* THE PROBLEM: Return all the entries exactly. No pictures.

[[ RECORDS FOR THE TASK, beginning ]]

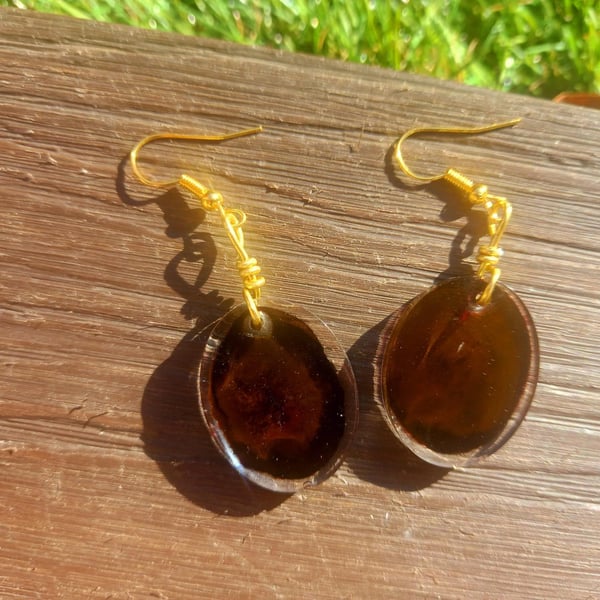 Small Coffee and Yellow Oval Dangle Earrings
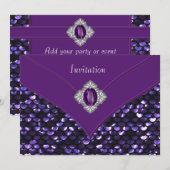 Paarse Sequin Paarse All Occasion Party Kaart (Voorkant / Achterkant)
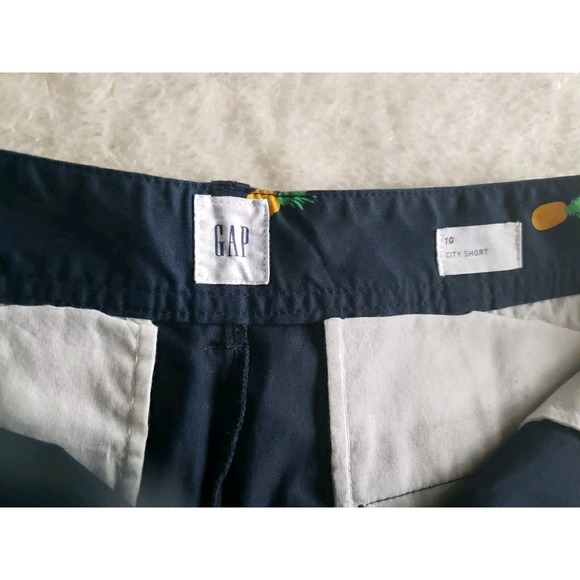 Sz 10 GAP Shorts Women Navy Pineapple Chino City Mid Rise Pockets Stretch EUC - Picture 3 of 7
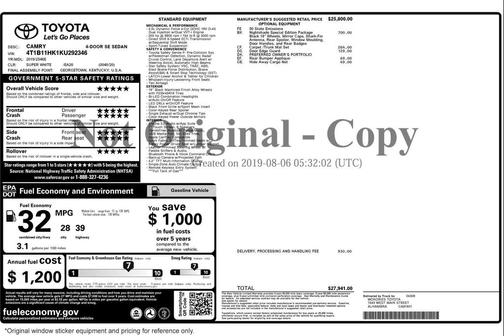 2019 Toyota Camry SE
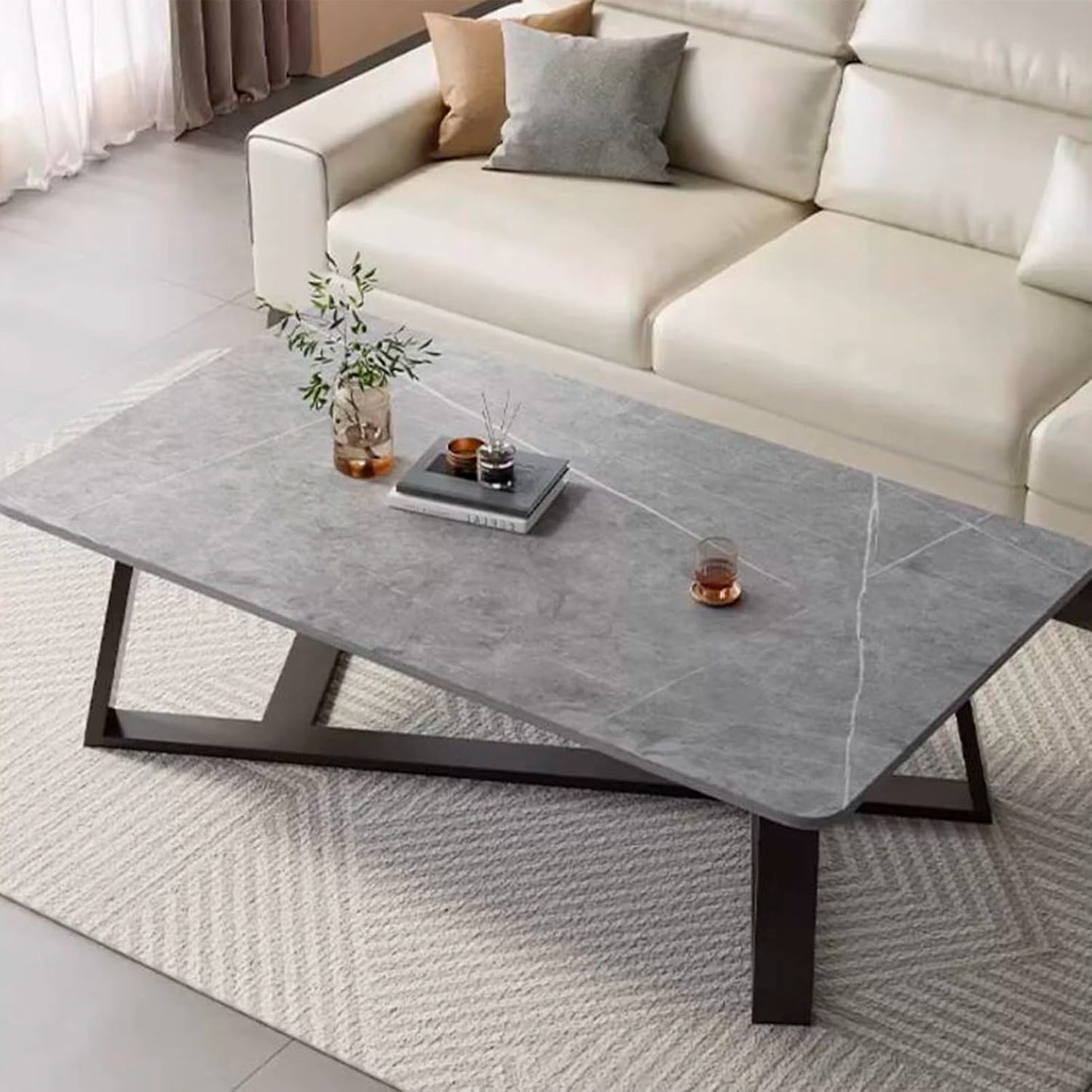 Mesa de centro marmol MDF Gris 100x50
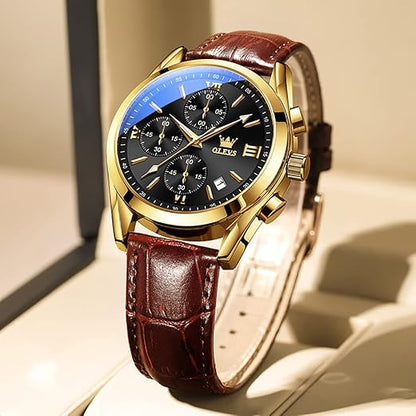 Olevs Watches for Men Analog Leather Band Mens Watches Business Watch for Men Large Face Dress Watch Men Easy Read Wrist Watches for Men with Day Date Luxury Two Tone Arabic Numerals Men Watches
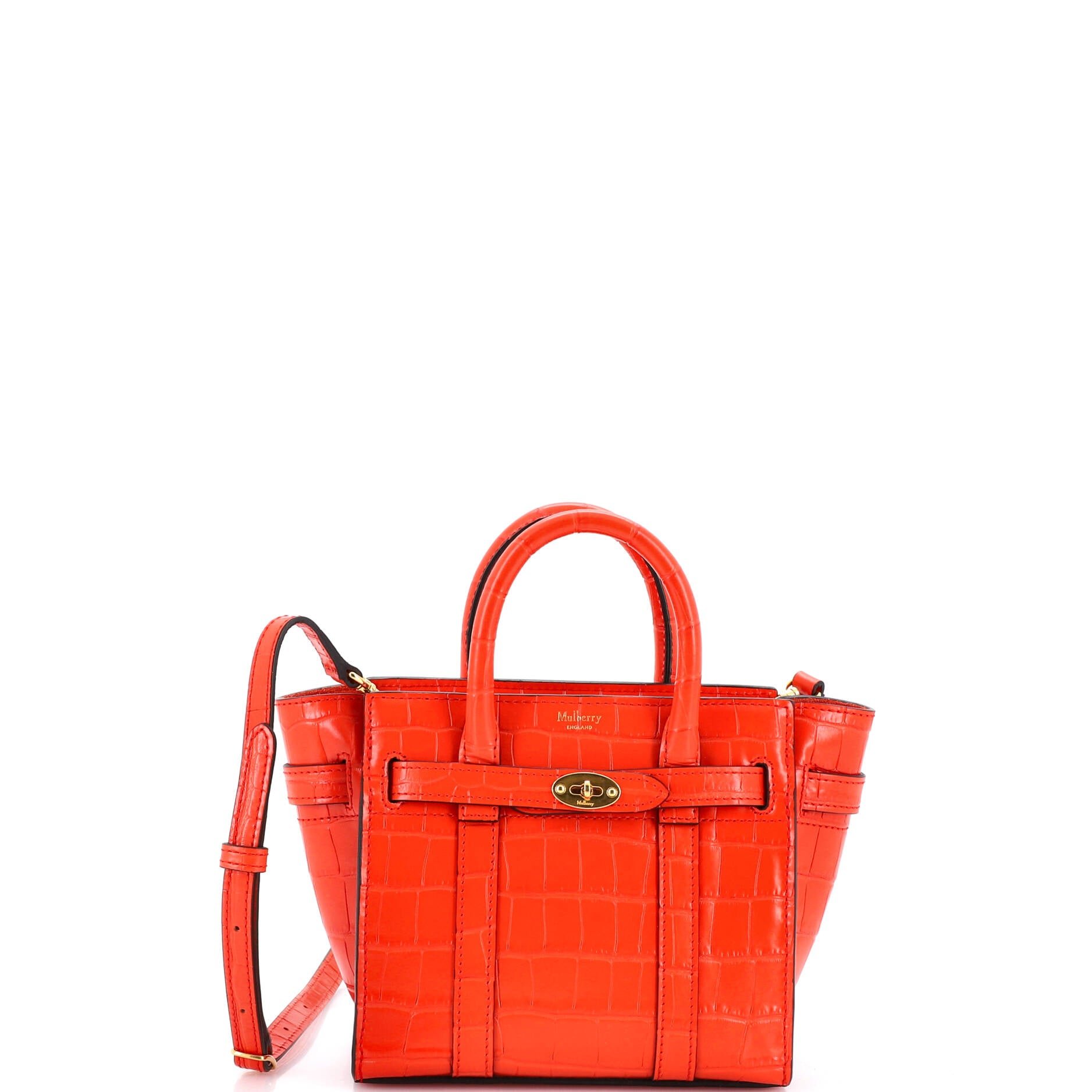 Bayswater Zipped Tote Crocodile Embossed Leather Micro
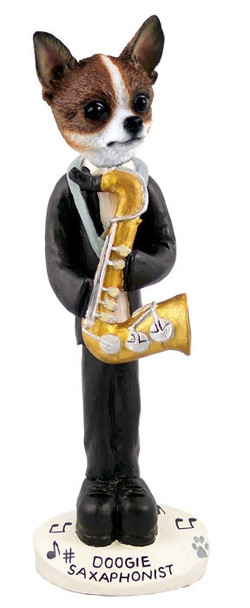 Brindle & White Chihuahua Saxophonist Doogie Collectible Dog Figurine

[[ RECORDS FOR THE TASK, end ]]

* REPLY:
 Small Coffee and Yellow Oval Dangle Earrings
 Paarse Sequin Paarse All Occasion Party Kaart (Voorkant / Achterkant)
 Sz 10 GAP Shorts Women Navy Pineapple Chino City Mid Rise Pockets Stretch EUC - Picture 3 of 7
 2019 Toyota Camry SE
 Mesa de centro marmol MDF Gris 100x50
 Olevs Watches for Men Analog Leather Band Mens Watches Business Watch for Men Large Face Dress Watch Men Easy Read Wrist Watches for Men with Day Date Luxury Two Tone Arabic Numerals Men Watches
 Bayswater Zipped Tote Crocodile Embossed Leather Micro
 Brindle & White Chihuahua Saxophonist Doogie Collectible Dog Figurine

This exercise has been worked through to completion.